W lesie wszystkie drogi wydają się właściwie takie same, a drzewa rosną niczym grzyby po deszczu, i tylko moje roztargnienie podłożyło mi świnię, gubiąc powrotną drogę. W takiej sytuacji nie można jak struś chować głowy w piasek, tylko trzeba zachować się jak szczwany lis i podjąć wyzwanie odnalezienia właściwej drogi, aby nie chodzić jak błędna owca w kółko.
Niebo zlitowało się nade mną wypuszczając słońce z objęcia chmur, już wiem, gdzie jest północ, więc nie dam się zapędzić w kozi róg!
Pośpiesznie ruszyłam przed siebie, zostawiając w oddali rozważania o zwierzętach i ich powiązaniu z moim światem. Realnie rzecz biorąc lepiej było się skupić na zbieraniu grzybów niż rozmyślaniach. A jednak nieuwaga przyssała się do mnie jak pijawka, i wystający z ziemi gruby korzeń stanął na mojej drodze niczym wilczy bilet, a może czarna owca, wyrządzając mi krecią robotę, gdy turlałam się po stromym zboczu prosto do zimnego strumienia. To mnie naprawdę obudziło, wszak baba z wozu koniom lżej, pomyślałam wylewając krokodyle łzy nad zwichniętą kostką, a przecież gdyby kózka nie skakała…
P.S. Jak dobrze wstać skoro świt i zamiast bazgrać jak kura pazurem kliknąć w klawiaturę!
-
Równonoc jesienna
Tej nocy obudziłam się nim wskazówki zegara
wybiły godzinę 03:04. To dobry czas,
ostatnie tchnienie lata wpadło przez uchylone okno
i zamarło…
Jakby chciało mi powiedzieć:
– Do zobaczenia wkrótce!
Poryw świeżości i tęsknota zawisły w pokoju czekając
na moją reakcję. Jednak pełnia nocy nie nastraja
do gwałtownych zrywów i porywów chwili.
Leniwie przeciągnęłam ramiona i poprawiłam poduszkę
wyrzucając z siebie westchnienie przeszłości.

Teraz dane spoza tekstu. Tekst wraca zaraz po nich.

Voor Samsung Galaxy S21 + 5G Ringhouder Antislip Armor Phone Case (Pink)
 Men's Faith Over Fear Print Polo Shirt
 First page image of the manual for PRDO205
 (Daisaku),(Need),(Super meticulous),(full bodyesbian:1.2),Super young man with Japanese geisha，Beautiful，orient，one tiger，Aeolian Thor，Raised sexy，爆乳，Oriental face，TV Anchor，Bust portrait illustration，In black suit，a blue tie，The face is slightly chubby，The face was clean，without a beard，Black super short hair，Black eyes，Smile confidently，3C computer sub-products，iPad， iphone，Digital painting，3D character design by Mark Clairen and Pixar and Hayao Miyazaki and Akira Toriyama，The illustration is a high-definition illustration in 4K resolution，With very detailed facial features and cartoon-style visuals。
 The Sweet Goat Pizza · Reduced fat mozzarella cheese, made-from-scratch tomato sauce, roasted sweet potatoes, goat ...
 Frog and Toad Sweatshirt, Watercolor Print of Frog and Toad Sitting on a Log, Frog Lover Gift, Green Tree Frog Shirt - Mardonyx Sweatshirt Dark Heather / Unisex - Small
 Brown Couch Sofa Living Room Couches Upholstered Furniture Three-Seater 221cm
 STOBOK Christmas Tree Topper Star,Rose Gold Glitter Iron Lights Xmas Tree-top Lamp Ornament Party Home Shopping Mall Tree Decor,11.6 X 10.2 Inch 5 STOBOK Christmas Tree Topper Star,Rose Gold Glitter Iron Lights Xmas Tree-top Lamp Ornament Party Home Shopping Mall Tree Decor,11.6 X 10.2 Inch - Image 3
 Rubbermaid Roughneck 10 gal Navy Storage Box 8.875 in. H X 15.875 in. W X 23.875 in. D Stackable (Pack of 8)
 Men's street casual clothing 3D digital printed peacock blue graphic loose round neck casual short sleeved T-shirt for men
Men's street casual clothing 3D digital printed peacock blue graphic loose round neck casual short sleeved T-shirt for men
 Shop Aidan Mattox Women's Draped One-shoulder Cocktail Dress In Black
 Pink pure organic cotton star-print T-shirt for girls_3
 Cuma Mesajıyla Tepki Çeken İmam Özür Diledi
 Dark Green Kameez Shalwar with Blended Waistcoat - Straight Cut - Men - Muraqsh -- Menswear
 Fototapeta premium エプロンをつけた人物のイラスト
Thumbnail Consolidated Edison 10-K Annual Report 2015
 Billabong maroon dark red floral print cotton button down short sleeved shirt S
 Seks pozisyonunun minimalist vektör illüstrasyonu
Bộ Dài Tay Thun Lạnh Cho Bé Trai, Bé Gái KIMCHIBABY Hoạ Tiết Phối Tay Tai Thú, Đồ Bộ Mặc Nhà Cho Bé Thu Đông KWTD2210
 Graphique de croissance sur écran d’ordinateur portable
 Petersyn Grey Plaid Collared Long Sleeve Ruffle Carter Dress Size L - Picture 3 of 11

Lato właśnie minęło, a jesienna szarówka na dobre
zagości w mym sercu nim poranek rozświetli
zachmurzone drzwi do raju.
Kolejny dzień życia, w nowej odsłonie…
lubię tę porę roku, las góry i źródła bicie
w odcieniach rudozłotych, lecz w tych kolorach
wyjątkowo mi nie do twarzy!
-
Bezsenność
Jesienne barwy zaczęły już rozpychać się łokciami,
choć liście spragnione wody nie chcą jeszcze umierać.
Błogosławieństwo deszczu zmyło kurz i napoiło drzewa,
gdy kropla za kroplą ożywiło wyschniętą ziemię,
najpierw delikatnie gładząc spragnioną glebę,
by nim nadszedł mrok zabębnić z rozmachem w taflę szyby.
Sen zauroczony melodią podszedł do okna
zabierając upragniony czas, zamknięty
w ziarnach zabytkowej klepsydry.
Przewracając się z boku na bok
nie mogłam uwolnić refleksji od łez nieba,
które rozbudzając mroczną fantazję
zakłóciły rytm wyciszonej nocy.
Zegar przesuwał wskazówki nieubłagalnie
zbliżając się do świtu jutra, a ja
w rozpaczy niewyspania zaklęłam w duchu
i skierowałam swoje myśli ku liczeniu baranów!